被相続人の財産がプラス財産よりもマイナス財産が多い場合、相続放棄することで相続財産を承継しない選択肢もありますが、限定承認なら承継する債務を抑えつつプラス財産を引き継ぐことも可能です。

一方で、限定承認により相続する財産の種類によっては、相続税の申告やみなし譲渡の申告が必要になるケースもありますので、限定承認の概要と税金手続きについて解説します。

【この記事の監修者】
讃良周泰税理士事務所 税理士 讃良 周泰

相続する方法と限定承認の手続き方法

被相続人が亡くなった場合の相続手続きには、「単純承認」・「相続放棄」・「限定承認」の3種類あります。

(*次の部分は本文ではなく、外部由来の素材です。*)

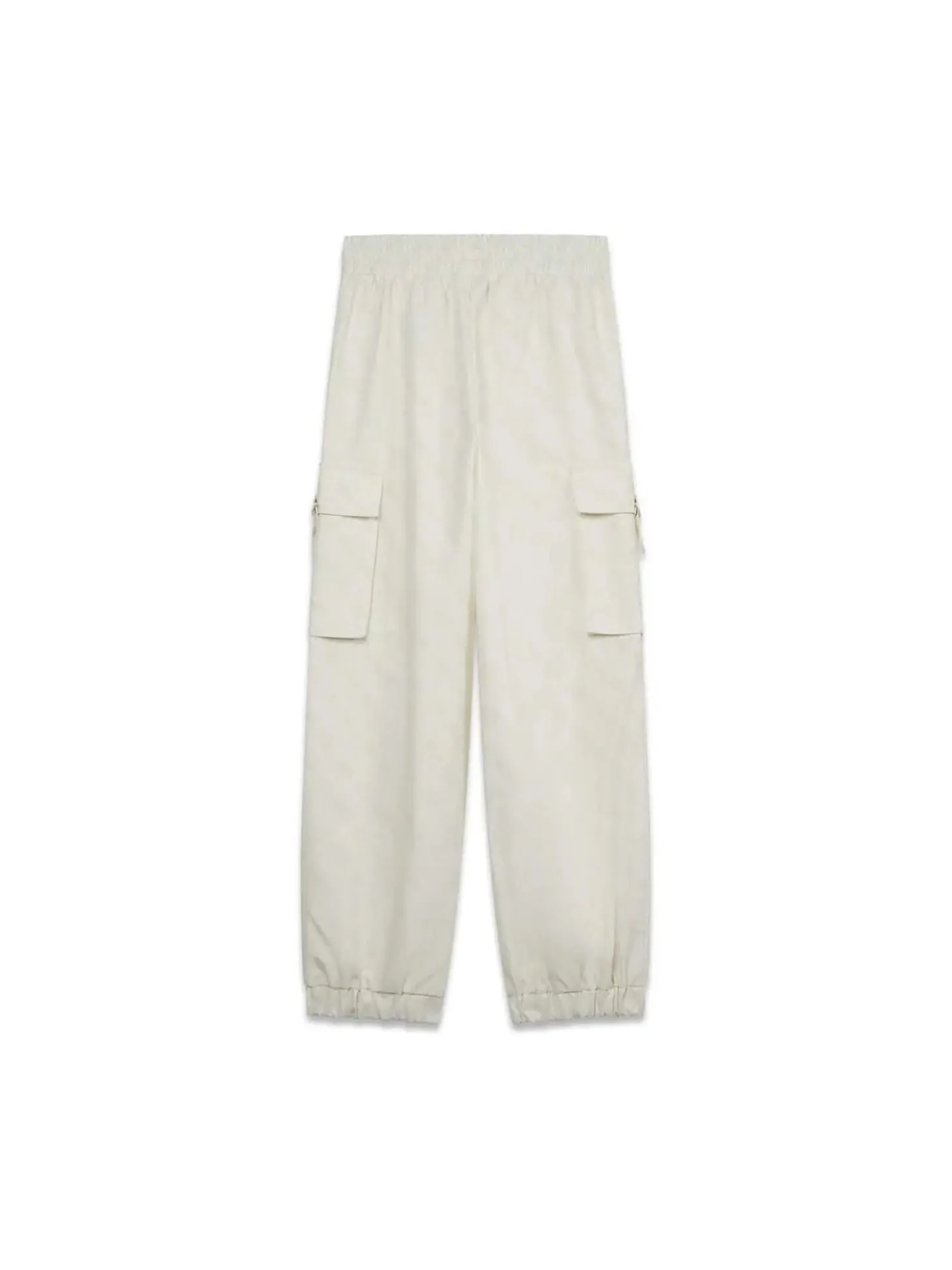 PANTALONE RAGAZZA - GUESS KIDS BEIGE - J6RB03 WH2K0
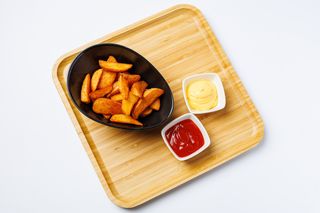 Картофель по-деревенски (250г)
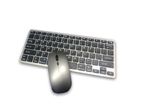 Rechargeable Wireless Keyboard with Mouse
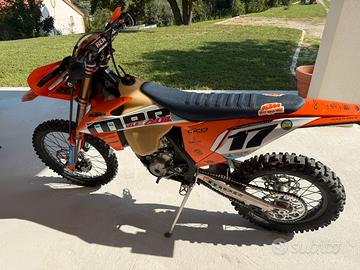 KTM EXC 350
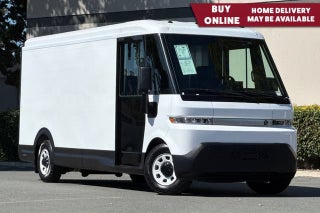 2024 BrightDrop Zevo 600 eAWD 600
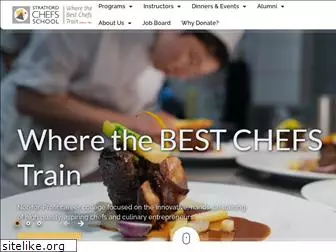 stratfordchef.com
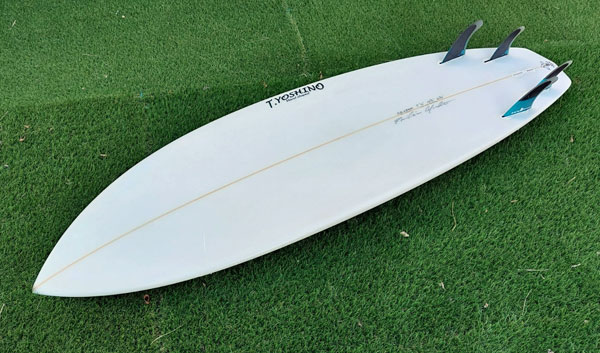 クアッドではこのセッティングが最高な感じ・・・FLT : FIRM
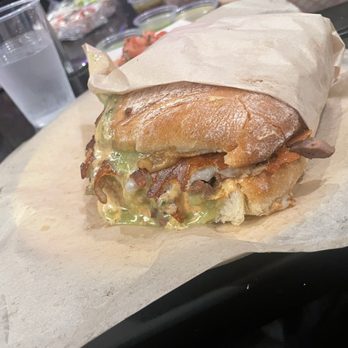 Tacos Los Cholos - Fullerton - asada torta - Tacos Near Me - Fullerton, California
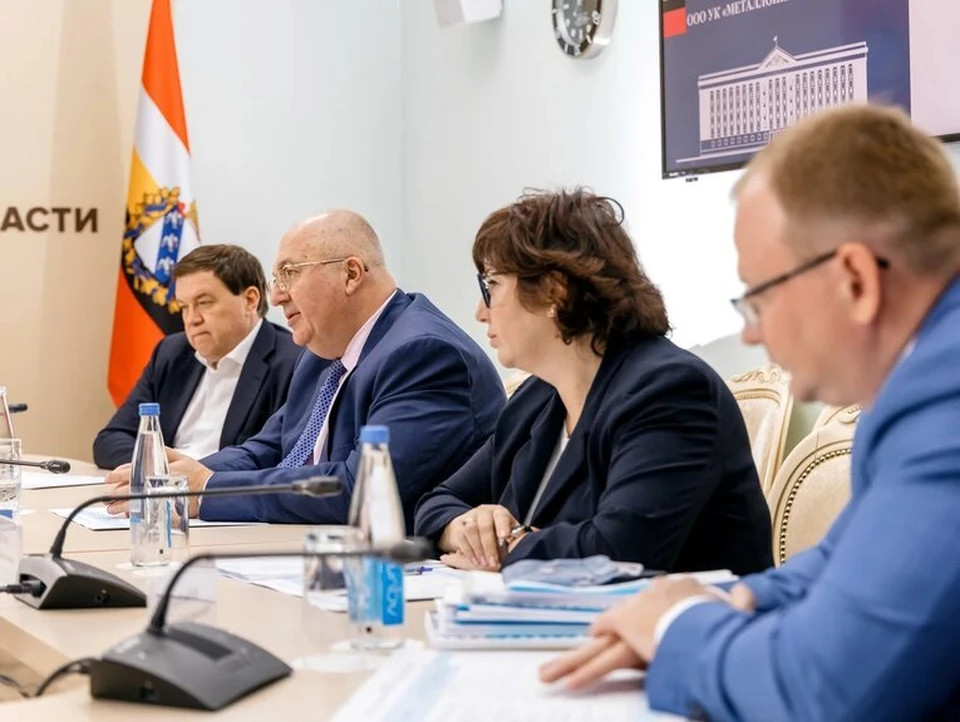 Основные средства – почти 600 миллионов рублей – Металлоинвест направит на здравоохранение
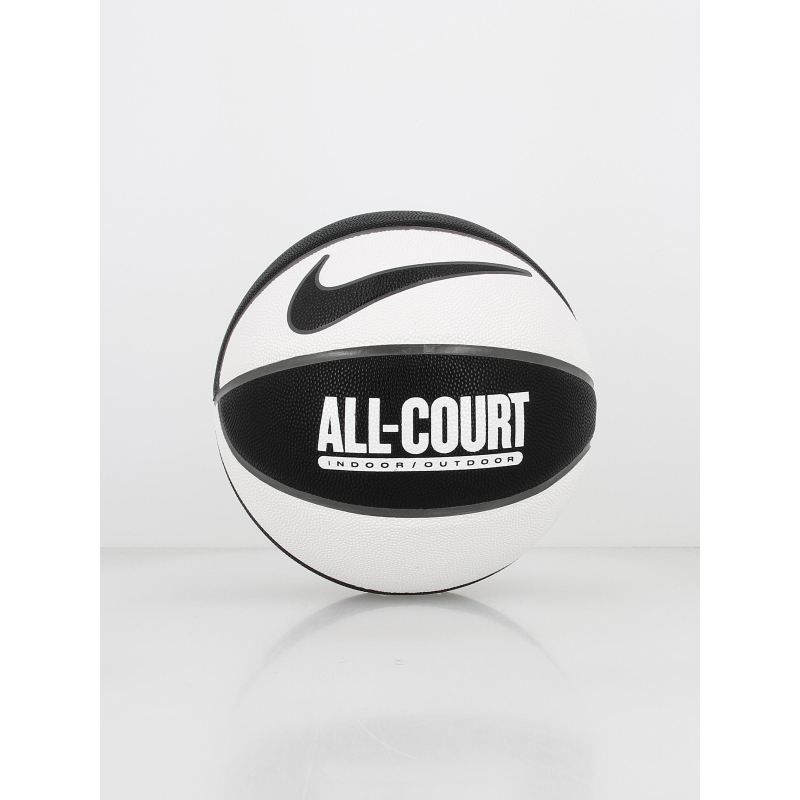Ballon de basketball everyday all court noir/blanc - Nike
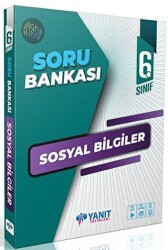 6. Sınıf Sosyal Bilgiler Soru Bankası - Yanıt Yayınları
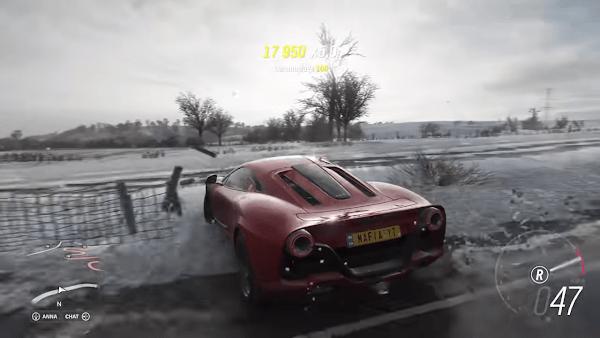 极限竞速地平线4正版手游截图0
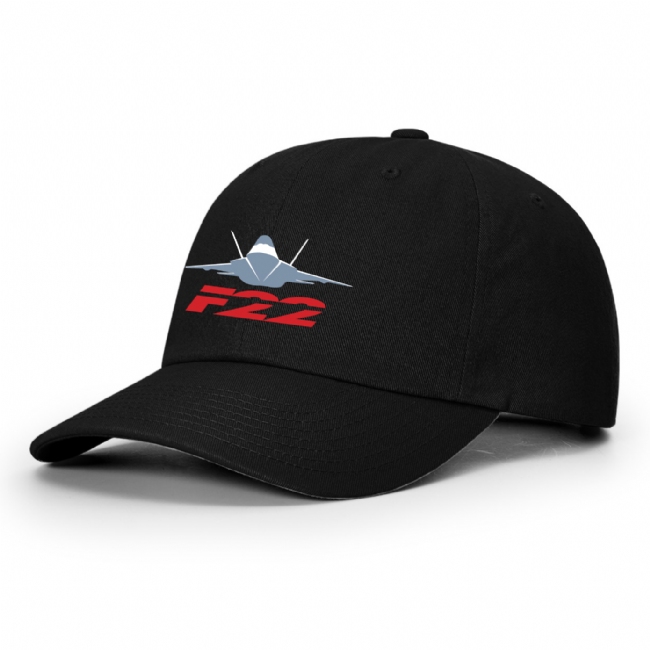 F-22 Premium Cotton Hat #5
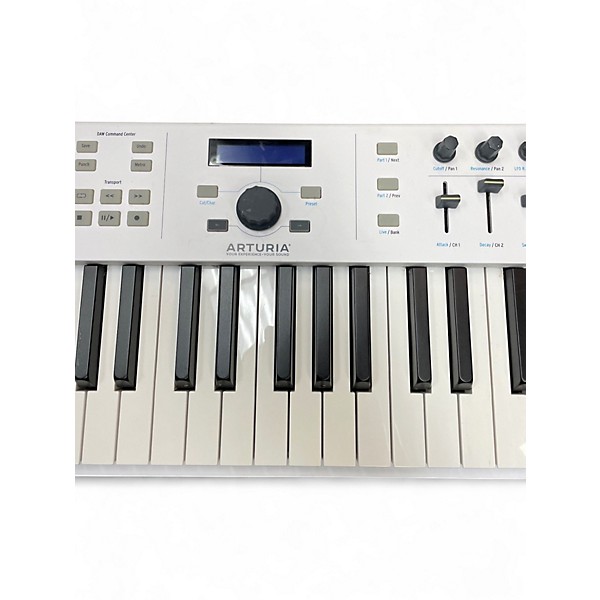 Used Arturia Keylab Essential 88 MIDI Controller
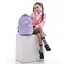 Рюкзак GoPack Education 175M-3 Girl Rule Сиреневый (GO26-175M-3) - миниатюра 18
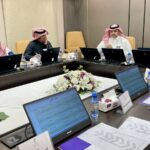 اجتماع مجلس إدارة الثامن لعام 2025 م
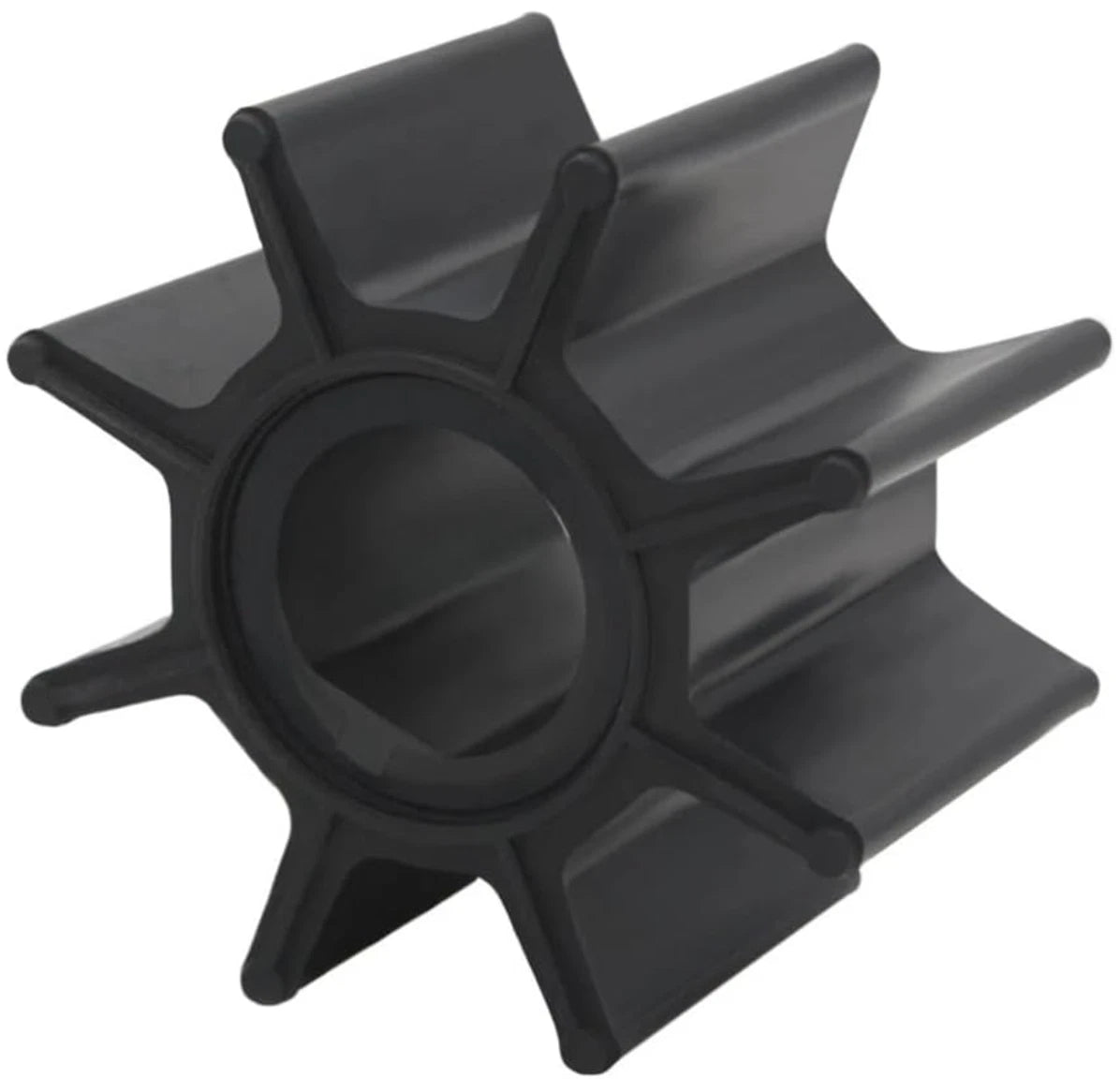 Water Pump Impeller 19210-881-003 for Honda 4 Stroke 4.5-8 HP Outboard (N/A)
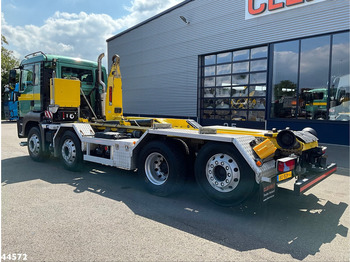 Camion ampliroll MAN TGS 35.440 8x2 Euro 6 Multilift 26 Ton haakarmsysteem: photos 4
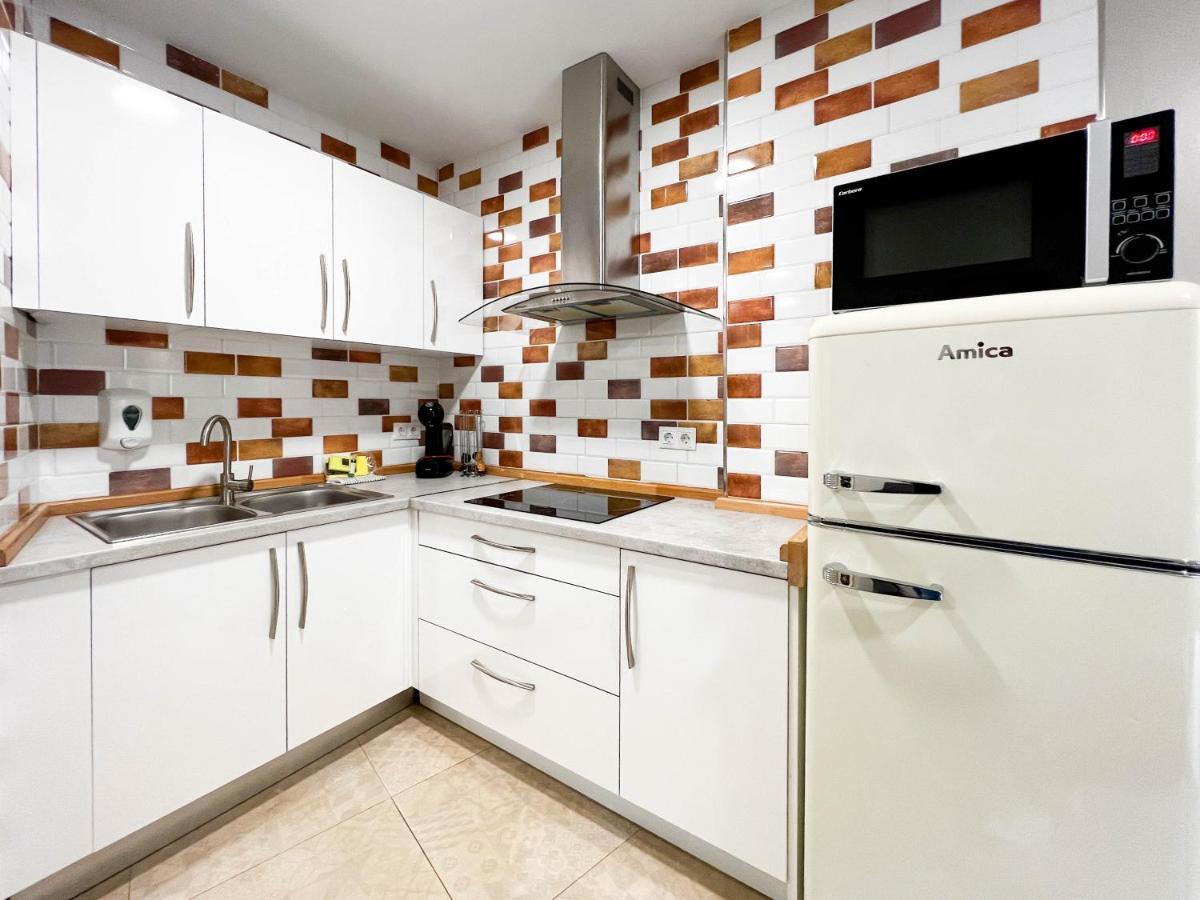 San Juan Apartment Malaga Center Eksteriør bilde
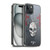 Alchemy Gothic Skull Dead Metal Soft Gel Case for Apple iPhone 15 Plus & MagSafe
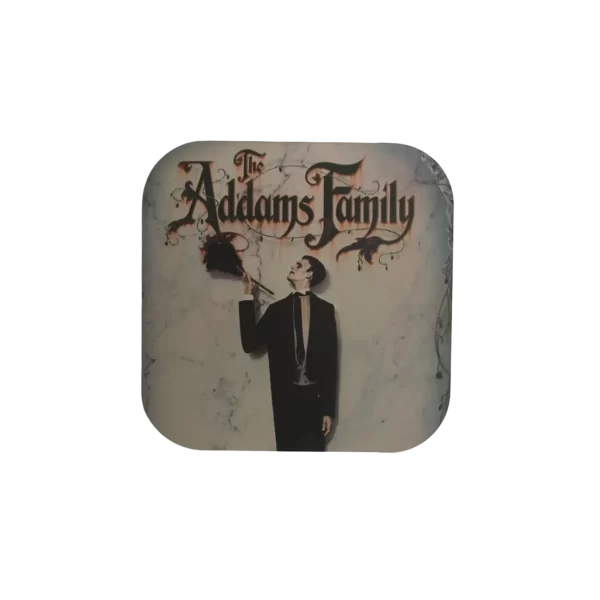 Adams Family Coaster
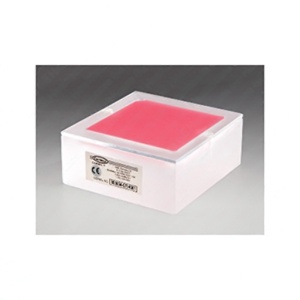 ACR Breast Phantom RMI 156 in its soft case ACR Breast Phantom RMI 156 in its soft case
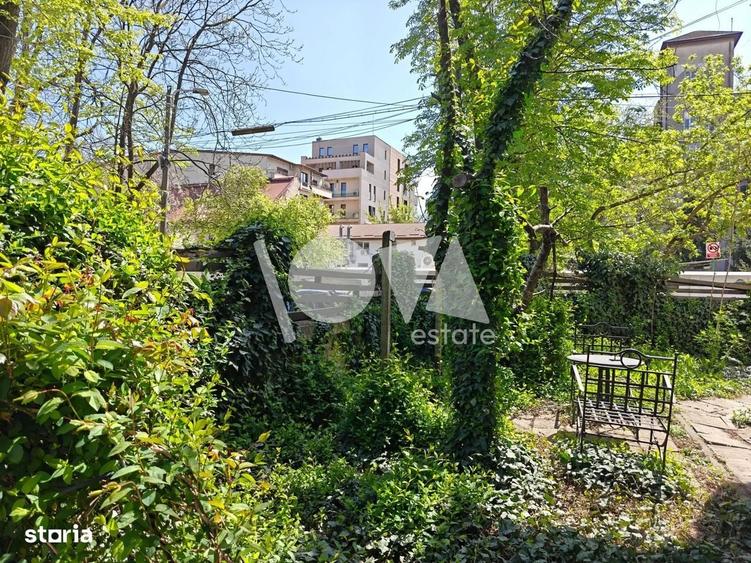 Apartament cu 4 camere în Kiseleff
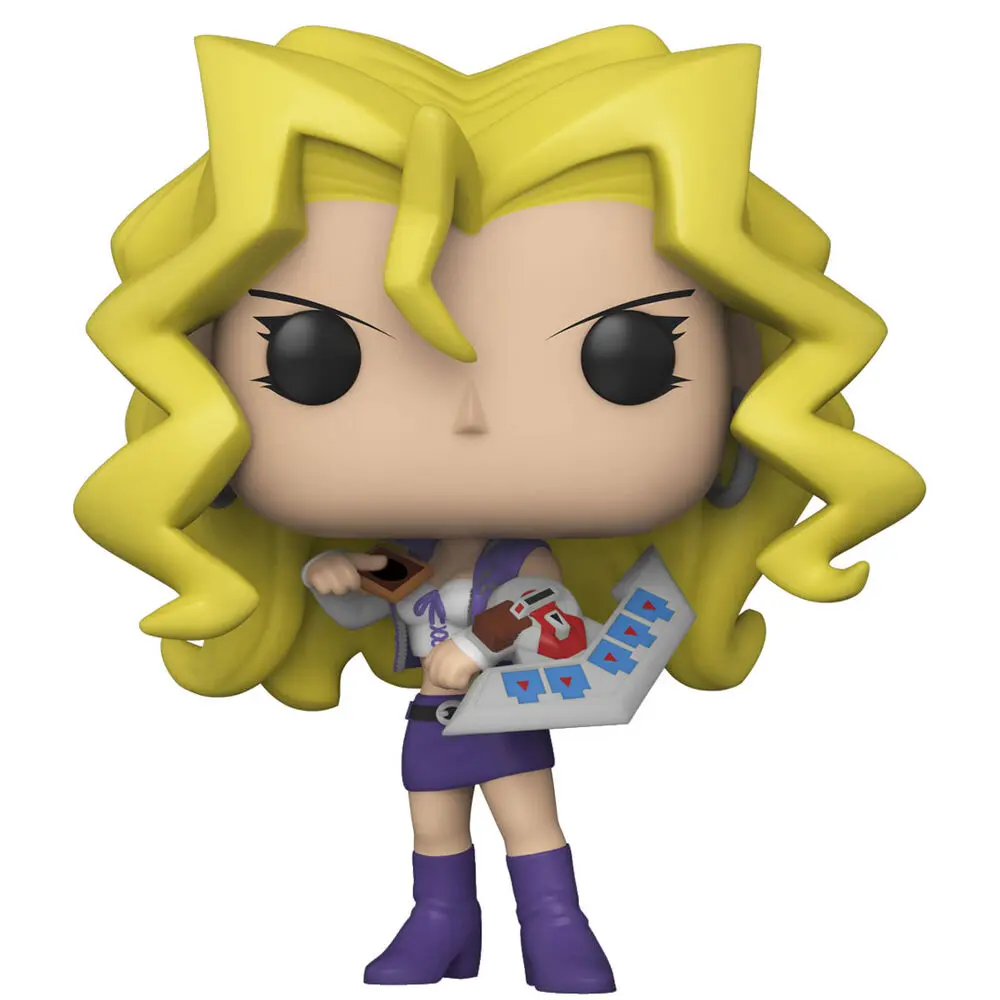 Yu-Gi-Oh! Pop! Animation Vinyl Figure Mai Valentine 9 cm termékfotó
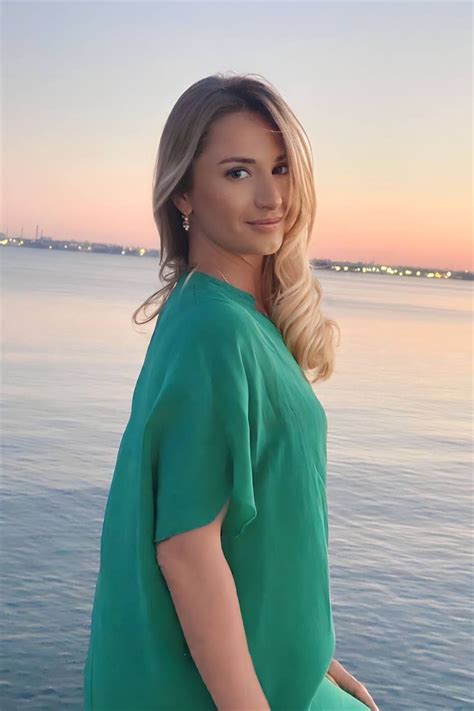 Charming Yuliia Y O From Antalya With Blonde Hair Id Ladadate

単純承認は、被相続人の財産を相続人がすべて引き継ぐ取得方法です。

一般的な相続は単純承認に該当し、相続人同士の話し合いにより取得する財産の分配を行います。

相続放棄は、相続財産を一切取得しない方法です。

相続放棄をするためには家庭裁判所で手続きが必要で、遺産分割協議で相続財産を何も取得しないのは相続放棄ではないのでご注意ください。

限定承認は、プラス財産を限度としてマイナス財産を引き継ぐ方法です。

相続放棄と異なり、相続したいプラス財産を引き継げるのが特徴です。

なお相続放棄または限定承認により相続する場合には、相続の開始があったことを知った日から3か月に家庭裁判所で手続きしなければいけません。

また相続放棄は各相続人が単独で行うことが出来ますが限定承認は相続人全員が共同で行わなければなりません。

3か月を経過すると単純承認したことになりますので、相続開始後速やかに相続方法の意思表示をする必要があります。

限定承認を利用した方がいいケース

相続で限定承認を検討すべきケースは2つあります。

1つ目は、被相続人の債務金額が不明確である場合です。

単純承認の場合、被相続人が保有する財産の正負の金額に関係なく相続しなければなりませんので、多額の借入金があれば相続した人が代わりに返済することになります。

相続以後に新たに確認された債務があれば、その債務についても各相続人が引き継ぐことになるため、被相続人の債務が不明確な場合は限定承認を選ぶ選択肢もあります。

2つ目は、引き継ぎたい相続財産がある場合です。

被相続人の財産が債務超過であれば、相続放棄を行うことで債務の返済から逃れられます。

しかし相続放棄をすれば、被相続人の財産を承継する権利は失うため、承継したい財産があっても引き継ぐことはできません。

一方限定承認で引き継ぐマイナス財産は、プラスの財産が限度となりますので、過度な債務を引き継ぐ必要がありません。

相続税の限定承認の取り扱い

相続税は被相続人の相続財産に対して課される税金であり、限定承認で相続財産を取得した場合も、単純承認と同様に相続税が課される可能性もあります。

相続税はプラス財産からマイナス財産を差し引いた金額が、基礎控除額を超えていなければ課税されません。

限定承認はプラス財産を限度としてマイナス財産を引き継ぐため、限定承認した際に相続税の基礎控除額を上回ることは考えにくいです。

そのため限定承認した際に相続税の申告・納税手続きを要するケースは、ほとんどありません。

譲渡資産を限定承認するとみなし譲渡課税の対象となる

単純承認により相続財産を取得した場合、取得したことに対し所得税は課されません。

しかし限定承認により不動産や株式などの価格の変動がある資産を引き継ぐ際は、被相続人の譲渡所得の申告が必要になる可能性もありますのでご注意ください。

みなし譲渡の手続きは被相続人の準確定申告にて行う

限定承認により資産を相続した場合、税制上は被相続人が相続人に対して資産を売却したとみなし、相続開始日時点の時価で売却したものとして譲渡所得の計算を行います。

譲渡所得の計算自体は通常の計算と同じなので、相続開始日の時価が取得費を超えなければ利益は発生しないため、譲渡所得は課税されません。

一方で、利益が発生した際に譲渡所得の申告者は相続人ではなく被相続人なので、準確定申告で譲渡所得の申告をします。

準確定申告の期限は、相続が発生したことを知った日から4か月以内であり、期限までに申告・納税手続きが必要です。